With the conclusion of the 2018 Grand Circle Oil Leak(looked like a Grand adventure) and a few jackets being worn, I was wondering what the low temperatures were, how many Vredestein clad cars participated, and your opinions of the cold temp warnings for these tires. Any opinions from others appreciated. I just mounted new Dayton’s and Sprint Classics to my S2,and I live in Ohio.
Quite a few of us had Vredestein tires but honestly it wasn’t cold enough to test the ‘cold issue’. In Ely on our way back to Boise it got down into the mid 20’s so I’m not sure that this was a valid test, needless to say we didn’t have any problems.
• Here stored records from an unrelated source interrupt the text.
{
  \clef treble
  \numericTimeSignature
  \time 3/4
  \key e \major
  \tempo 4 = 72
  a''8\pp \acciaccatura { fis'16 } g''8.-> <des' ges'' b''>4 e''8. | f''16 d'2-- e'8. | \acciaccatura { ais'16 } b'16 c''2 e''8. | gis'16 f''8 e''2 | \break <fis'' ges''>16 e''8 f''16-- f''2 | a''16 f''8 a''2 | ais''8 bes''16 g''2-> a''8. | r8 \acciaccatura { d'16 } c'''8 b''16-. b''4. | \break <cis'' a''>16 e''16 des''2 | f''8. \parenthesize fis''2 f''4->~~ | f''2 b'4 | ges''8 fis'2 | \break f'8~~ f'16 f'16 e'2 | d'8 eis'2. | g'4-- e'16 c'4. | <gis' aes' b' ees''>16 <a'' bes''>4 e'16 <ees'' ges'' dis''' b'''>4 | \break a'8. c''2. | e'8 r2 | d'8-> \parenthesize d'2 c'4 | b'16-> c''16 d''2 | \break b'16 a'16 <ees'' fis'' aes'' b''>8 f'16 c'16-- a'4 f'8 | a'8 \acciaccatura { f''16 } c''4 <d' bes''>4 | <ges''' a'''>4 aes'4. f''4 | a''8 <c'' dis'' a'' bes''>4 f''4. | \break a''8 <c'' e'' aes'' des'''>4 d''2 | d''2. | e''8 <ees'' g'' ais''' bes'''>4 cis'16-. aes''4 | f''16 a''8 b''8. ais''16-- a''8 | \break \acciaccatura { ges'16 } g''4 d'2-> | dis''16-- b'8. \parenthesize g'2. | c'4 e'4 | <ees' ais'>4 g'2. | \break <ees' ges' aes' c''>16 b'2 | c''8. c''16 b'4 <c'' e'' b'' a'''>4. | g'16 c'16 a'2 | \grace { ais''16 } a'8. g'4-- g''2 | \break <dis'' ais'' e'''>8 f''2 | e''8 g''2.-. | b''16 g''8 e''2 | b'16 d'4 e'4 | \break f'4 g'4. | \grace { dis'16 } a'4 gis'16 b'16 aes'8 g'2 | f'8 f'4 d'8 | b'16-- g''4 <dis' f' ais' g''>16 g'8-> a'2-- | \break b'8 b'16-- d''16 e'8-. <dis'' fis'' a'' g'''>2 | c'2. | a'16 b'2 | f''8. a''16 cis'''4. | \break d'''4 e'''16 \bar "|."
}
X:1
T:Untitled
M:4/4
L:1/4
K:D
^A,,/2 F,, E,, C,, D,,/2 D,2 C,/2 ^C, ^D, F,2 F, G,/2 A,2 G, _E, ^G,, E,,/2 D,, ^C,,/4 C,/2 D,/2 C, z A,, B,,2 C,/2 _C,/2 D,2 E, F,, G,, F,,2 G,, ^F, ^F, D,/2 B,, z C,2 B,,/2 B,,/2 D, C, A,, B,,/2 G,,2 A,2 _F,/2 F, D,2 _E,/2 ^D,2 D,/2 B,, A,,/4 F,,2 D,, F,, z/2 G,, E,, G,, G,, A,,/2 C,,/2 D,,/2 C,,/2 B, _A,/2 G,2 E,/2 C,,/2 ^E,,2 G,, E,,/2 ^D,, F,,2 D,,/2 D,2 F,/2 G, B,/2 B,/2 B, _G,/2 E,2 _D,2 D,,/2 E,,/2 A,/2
my opinion…is pay attention to the cold temp warning…There are quite a few other “summer” tires, now current on the modern hi speed muscle cars…similar warnings… That said…I have not heard…yet…about a summer tire coming apart at hi speed. Maybe there is some anecdotal or expert info on the modern super car forums? Of note, about tire failures due to internal damage, or old glue…is v that they do not fail much just parked or at slow speed, but it is at hi speed…the worst time…plenty of hunks of tread on the interstates, tho mostly trucks. Until proven an un-necessary warning…I’d heed it. Wouldn’t you wonder…next Spring, after leaving them on inflated and weighted, and have some trepidation at speed…just wondering if within your tire it was possibly about to fail catastrophically? I began to have that uneasy feeling just due to an old DOT manufacture date, so now, many $$, are new tires on two cars…that had perfectly good “looking” tread and sides. For those where temps will be below the summer tire warning, I feel there are other nice tire choices that do not have the "summer " destination. Or…block it up.and let the air out. Nick
I have lived in several places over the span of a few decades where winters are very cold - NW and NE Ontario the coldest of the bunch. Winter temps up there commonly get down to -30ºF and stay there for weeks, sometimes breaking -40ºF (which is the same as -40ºC) and even colder. When you leave your driveway in the morning the tires go “thump, thump, thump” and it feels like you’re driving down railway tracks until they get round again. The tires take a beating, yet over all those years and a bunch of cars and pickups I have never once experienced a tire failure due to cold. Fwiw.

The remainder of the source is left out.